● Data provided:
BEGIN
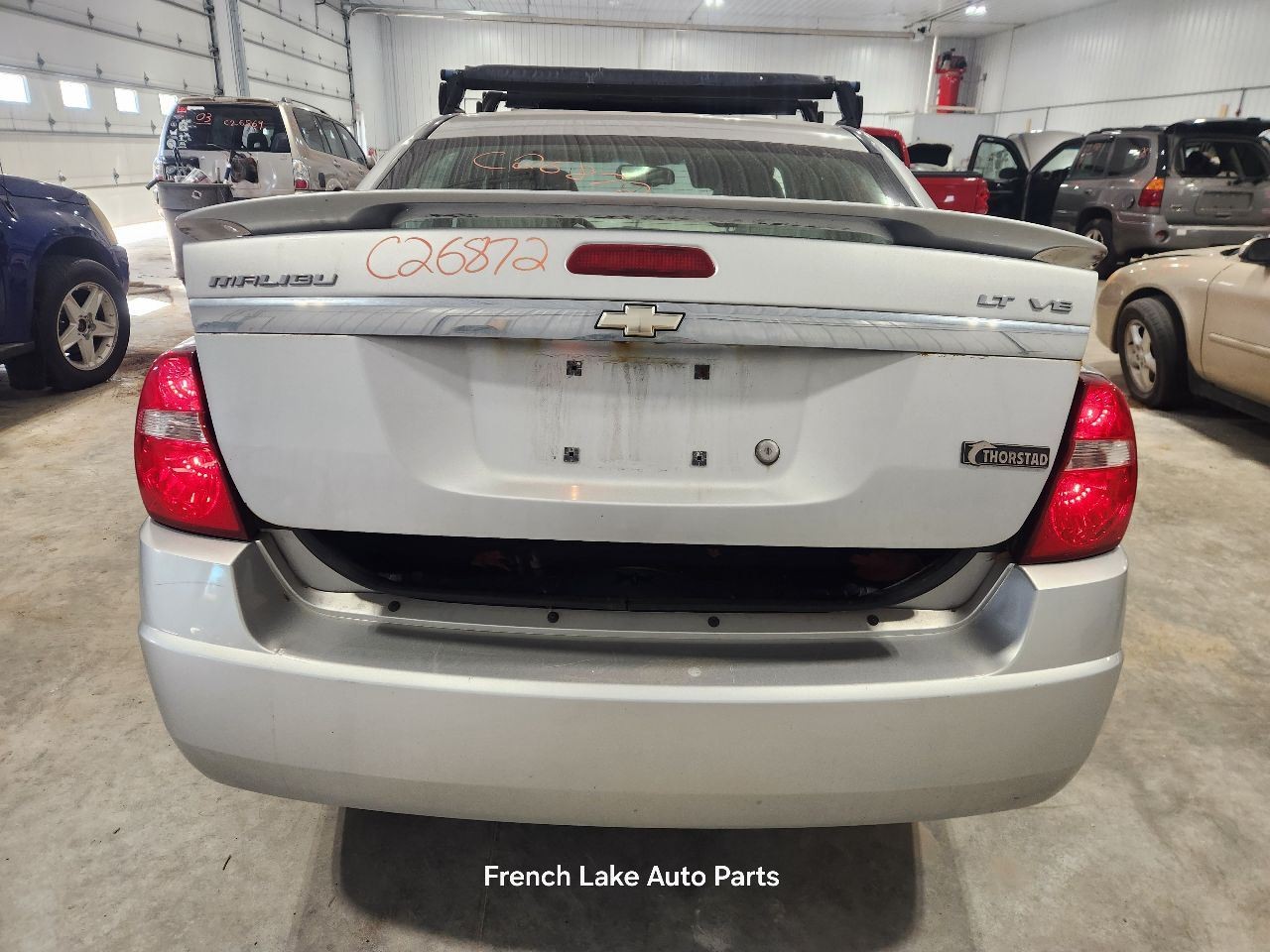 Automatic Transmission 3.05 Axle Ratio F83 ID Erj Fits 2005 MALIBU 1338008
END
BEGIN
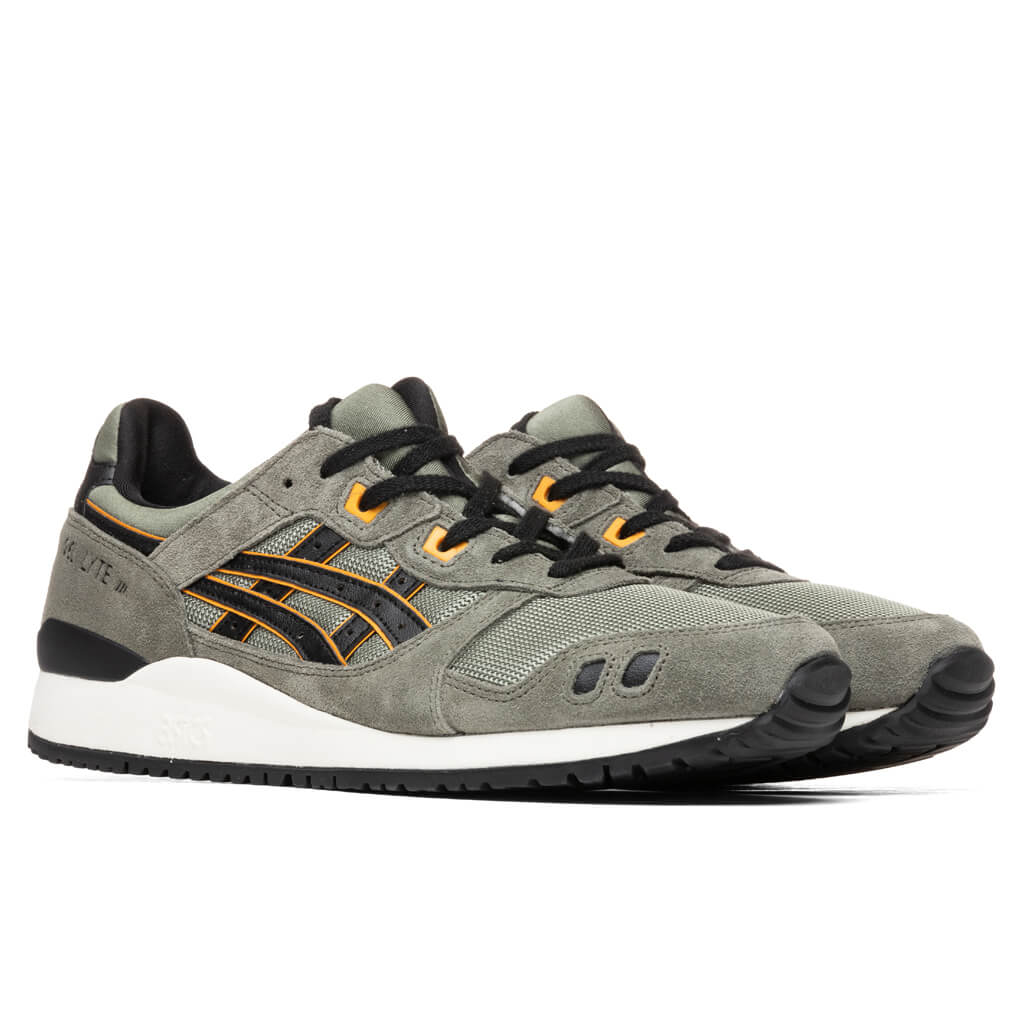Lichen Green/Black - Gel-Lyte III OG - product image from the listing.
END
BEGIN
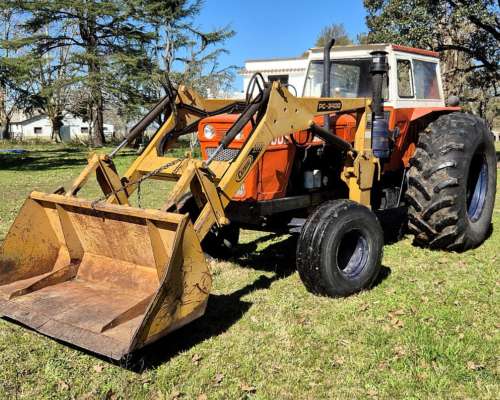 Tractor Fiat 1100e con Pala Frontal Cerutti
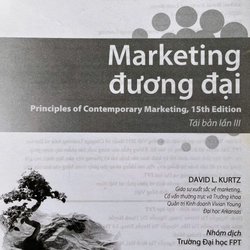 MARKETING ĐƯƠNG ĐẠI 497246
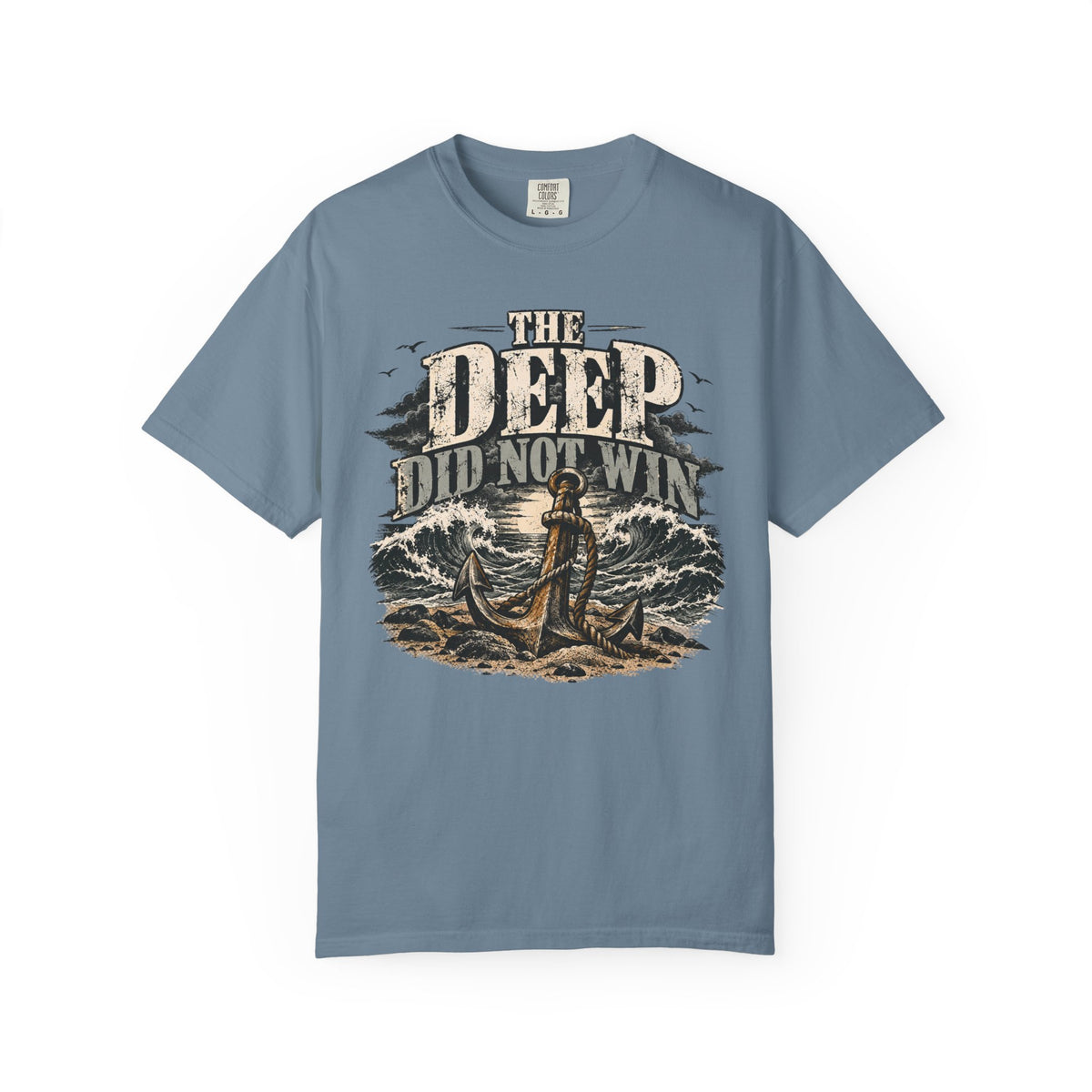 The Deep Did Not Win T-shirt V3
END
● Try it:
Once the line with "MARKETING ĐƯƠNG ĐẠI 497246" is found in the data above, reproduce it and each line after it exactly, through the line with "The Deep Did Not Win T-shirt V3". Omit the pictures.

● Exercise response:
 MARKETING ĐƯƠNG ĐẠI 497246
 The Deep Did Not Win T-shirt V3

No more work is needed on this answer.